Children’s music label Maestro Classics has been introducing young listeners to the joys of classical music for no less than ten year. The award-winning organization has introduced young listeners to a number of classical hits throughout its life including but not limited to: Sergei Prokofiev’s famed “Peter and The Wolf,” Paul Dukas’ “The Sorcerer’s Apprentice,” and Camille Saint-Saens’ “Carnival of the Animals” just to name a few. Now with its latest release Merry Pranks of Master Till, Maestro Classics has released yet another composition that is certain to catch audiences’ ears. Before getting into the record, it should be noted that unlike Maestro Classics’ previous releases, this latest work is not one that is meant for younger audiences, especially considering the story’s outcome. It is meant more for older audiences; perhaps those between the ages of 10 – 12 if not a little older. Staying on that topic, the composition itself makes for plenty of reason for older listeners to give this record a chance. It teaches a rather invaluable lesson for said listeners, especially at their given age(s). On a directly related note, young listeners will be just as interested to learn the back story behind Merry Pranks of Master Till. Learning its back story can easily lead to a discussion on the back story of so many other classical hits. It’s one more reason that this record proves to be so interesting for older youths. Having learned the back story of Merry Pranks of Master Till, audiences will be interested to hear the same composition a second time on the record. Only this time the composition is featured without narration, thus allowing listeners to hear the story for themselves and hopefully in turn gain a new appreciation for at least this piece of classical music if not even more appreciation for classical music in whole. All three factors taken into consideration, they make Merry Pranks of Master Till a work that belongs in any middle school music class if not any home with pre-teens in the house.
Maestro Classics’ latest release Merry Pranks of Master Till is an interesting addition to the company’s rich history of classical releases for children.
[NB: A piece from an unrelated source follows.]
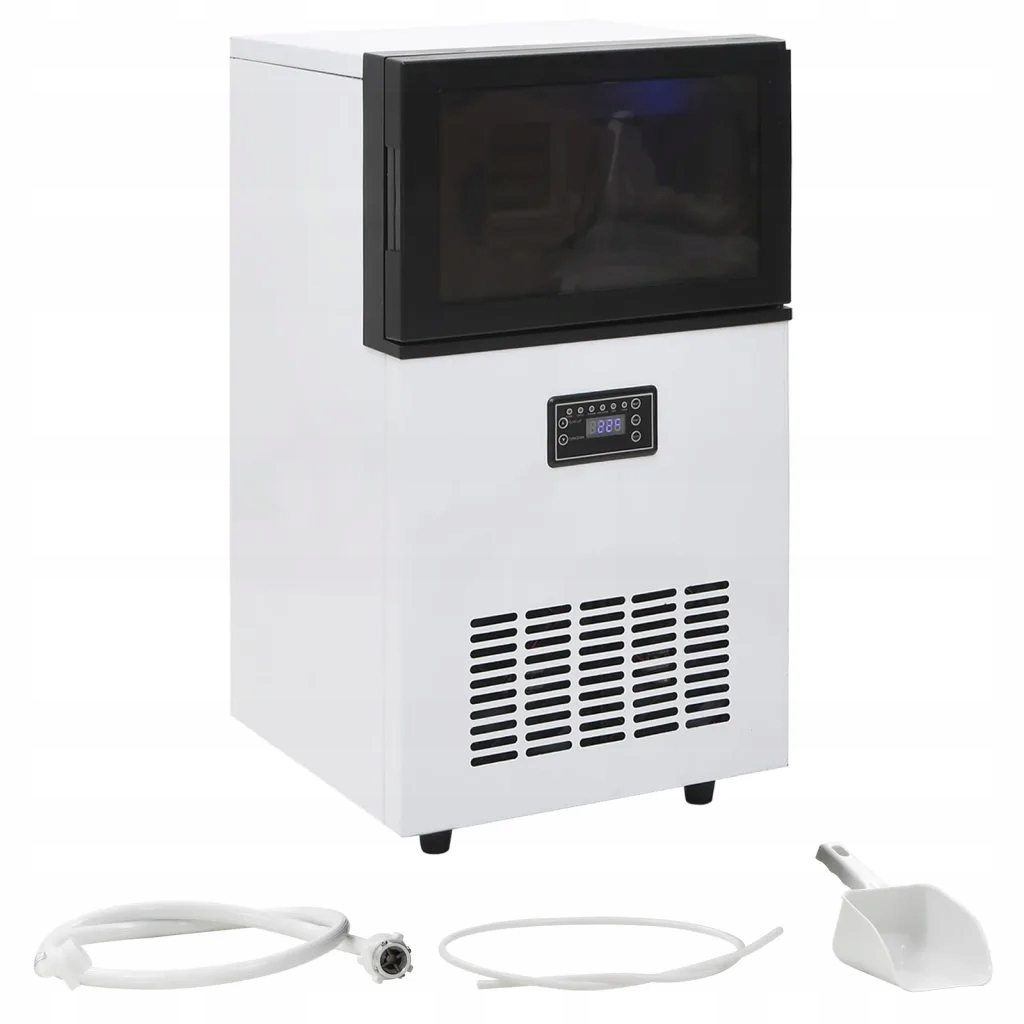 Kostkarka do lodu 45 kg/dzień, srebrna, 36 kostek/cykl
That is because in comparison to those releases, this one is not as universal per se. Its content proves it to be more fitting for older youths than for younger ones. Keeping that in mind, the story that comes with this latest composition, crafted by composer Richard (pronounced ree-kard strowss) is itself just one reason for its target audience to give it a chance. The story itself centers on the young character Master Till Eulenspiegel (pronounced oi-len-shpee-gel) and his series of pranks. His pranks in question are aimed at pointing out to certain groups that they are not as smart as they would like to make themselves believe. The problem is that because Master Till is a child (it is believed that he is around 12 years old or so), he doesn’t exactly make the wisest choices in regards to his targets or his actions. The end result of this lack of foresight leads to some very negative consequences for Master Till, which will not be revealed here for the sake of those that have not yet been exposed to the story, or as it is more properly know, tone poem. The story teaches a very valuable lesson about knowing one’s limits both in terms of one’s actions and whom one targets when it comes to pranks such as those pulled by Master Till. Not everybody takes pranks such as Till’s the same way. In the same vein, not everybody today appreciates others’ similar actions. It is definitely an invaluable part of the whole that makes Merry Pranks of Master Till a worthwhile listen by its older target audiences.
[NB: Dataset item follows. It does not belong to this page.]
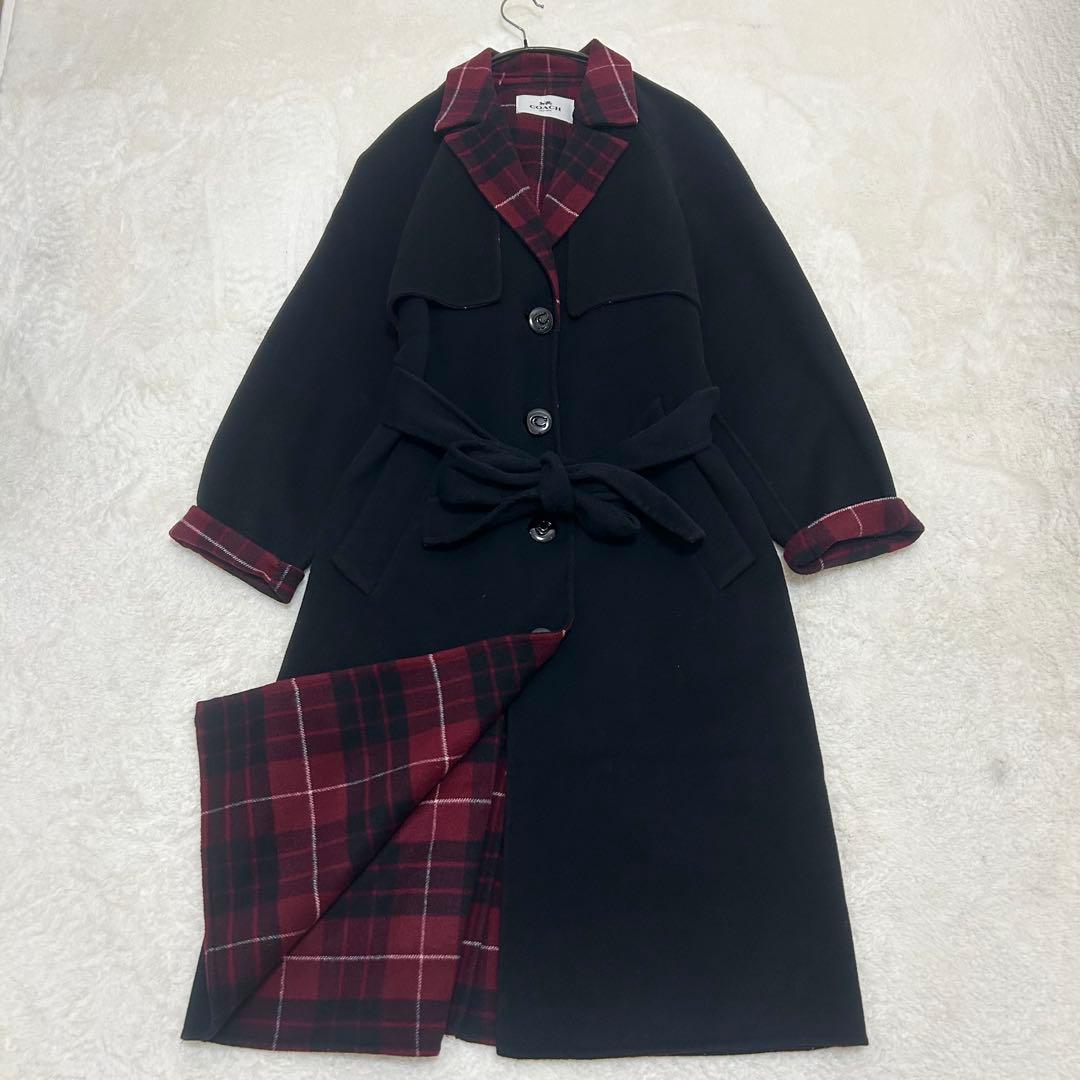 【美品】コーチ ダブルフェイス ロングコート ベルト付き ウール M〜Lサイズ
The story that serves as the basis for Merry Pranks of Master Till is in itself invaluable because it teaches a very important lesson that young listeners will hopefully take to heart. On a related note, it also serves as a starting point for a discussion on the back story of not only this work but of other timeless classical hits, too. Audiences will learn that this composition is itself actually based on a series of stories centered on Master Till. This story in particular is just one of a number of stories. In the same vein, other classical compositions can be discussed in regards to their use in either the church and/or the world at large. This is a discussion that proves especially useful in middle school (and in some cases even high school) classical music classes. That is because an understanding of a composition in relation to its potential back story helps in its own way to gain a new or even renewed appreciation for said composition. To that extent, the back story behind Merry Pranks of Master Till proves even more why this newly released recording is a good fit in any middle school and high school classroom as well as any home with pre-teen musicians in it.
The story that accompanies Merry Pranks of Master Till is an important element to Maestro Classics’ latest release. That is because it both teaches an important lesson to its target listener base and because it serves as a starting point for a discussion for the role of music and culture on one another. Both of these elements are key in what makes Merry Pranks of Master Till an interesting listen for its target audiences. For all of their importance, they are just part of what makes it so worth the listen. Maestro Classics has included in its new record both a take of Merry Pranks of Maser Till with narration and without. The take that comes sans narration is just as important a part of whole as that with narration. That is because having listened to the narration in the previous take, listeners can experience the complete composition as it was meant to be heard. Having no narration, listeners can better hear the different moments that make up each moment of the story. It actually makes the experience of listening to the composition that much fuller. On a related note, hearing the composition in full serves as the starting point for a discussion on personal interpretations of not only the presented work but of other compositions, too. That within itself is a major positive. It is a positive in that it teaches students and listeners in general about musical interpretation. It can lead to discussions on deeper musical concepts such as the use of dynamics, tempos and other musical elements to interpret music and in its creation. Being that one song can create that much discussion whether in the classroom or the living room shows clearly the importance of this new release from Maestro Classics in any young person’s musical education. The addition of the composition’s story doubles and even triples its importance. All things considered Merry Pranks of Master Till shows in the end with its overall composition and its story to be yet another hit from Maestro Classics even if it is aimed more at older children.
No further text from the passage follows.